Report each line of the data that has "вопроса" somewhere in it.

Dataset excerpts:
────────────────

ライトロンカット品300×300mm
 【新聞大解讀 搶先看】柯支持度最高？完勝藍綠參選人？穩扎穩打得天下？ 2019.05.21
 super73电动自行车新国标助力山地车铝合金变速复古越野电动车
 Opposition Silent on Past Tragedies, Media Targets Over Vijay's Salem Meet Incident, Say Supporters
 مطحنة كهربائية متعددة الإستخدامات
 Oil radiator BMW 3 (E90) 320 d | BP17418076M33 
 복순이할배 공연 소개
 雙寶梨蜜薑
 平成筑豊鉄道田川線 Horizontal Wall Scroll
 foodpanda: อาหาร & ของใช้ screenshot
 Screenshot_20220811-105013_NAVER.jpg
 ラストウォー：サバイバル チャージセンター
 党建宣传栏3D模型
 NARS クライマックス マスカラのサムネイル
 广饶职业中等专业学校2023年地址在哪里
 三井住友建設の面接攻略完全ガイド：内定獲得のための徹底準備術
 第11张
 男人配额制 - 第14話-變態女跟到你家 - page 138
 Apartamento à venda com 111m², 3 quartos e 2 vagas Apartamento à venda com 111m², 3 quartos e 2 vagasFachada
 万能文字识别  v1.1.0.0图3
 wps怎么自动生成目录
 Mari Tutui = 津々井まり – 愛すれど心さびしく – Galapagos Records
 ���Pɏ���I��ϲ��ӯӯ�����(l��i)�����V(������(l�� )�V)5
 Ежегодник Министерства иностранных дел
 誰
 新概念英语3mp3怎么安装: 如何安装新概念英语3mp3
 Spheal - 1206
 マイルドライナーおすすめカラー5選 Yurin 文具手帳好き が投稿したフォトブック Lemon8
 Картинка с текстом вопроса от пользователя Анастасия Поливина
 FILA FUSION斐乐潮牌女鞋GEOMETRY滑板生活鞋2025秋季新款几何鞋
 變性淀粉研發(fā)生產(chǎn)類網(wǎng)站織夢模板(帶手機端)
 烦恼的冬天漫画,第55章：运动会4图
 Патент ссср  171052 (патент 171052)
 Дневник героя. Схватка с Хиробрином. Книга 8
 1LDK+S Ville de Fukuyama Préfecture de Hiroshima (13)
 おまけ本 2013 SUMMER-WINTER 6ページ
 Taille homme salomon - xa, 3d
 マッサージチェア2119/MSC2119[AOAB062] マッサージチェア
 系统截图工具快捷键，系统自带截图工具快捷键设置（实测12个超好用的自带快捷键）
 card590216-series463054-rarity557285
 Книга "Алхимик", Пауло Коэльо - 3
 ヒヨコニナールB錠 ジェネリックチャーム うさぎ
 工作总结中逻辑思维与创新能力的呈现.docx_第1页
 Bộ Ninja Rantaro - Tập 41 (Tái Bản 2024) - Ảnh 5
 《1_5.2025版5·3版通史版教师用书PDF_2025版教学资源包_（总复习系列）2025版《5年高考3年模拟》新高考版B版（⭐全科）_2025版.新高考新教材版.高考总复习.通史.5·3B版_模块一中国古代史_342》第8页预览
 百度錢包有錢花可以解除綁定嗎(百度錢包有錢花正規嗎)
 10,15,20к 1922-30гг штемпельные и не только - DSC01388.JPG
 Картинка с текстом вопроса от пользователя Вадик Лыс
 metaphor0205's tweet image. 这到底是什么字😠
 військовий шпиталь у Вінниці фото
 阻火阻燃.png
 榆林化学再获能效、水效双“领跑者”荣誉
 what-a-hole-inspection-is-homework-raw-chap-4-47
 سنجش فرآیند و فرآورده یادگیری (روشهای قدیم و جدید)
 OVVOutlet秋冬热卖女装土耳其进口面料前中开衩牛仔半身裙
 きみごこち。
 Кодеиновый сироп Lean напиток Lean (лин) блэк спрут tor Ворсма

────────────────

[Output]
 Картинка с текстом вопроса от пользователя Анастасия Поливина
 Картинка с текстом вопроса от пользователя Вадик Лыс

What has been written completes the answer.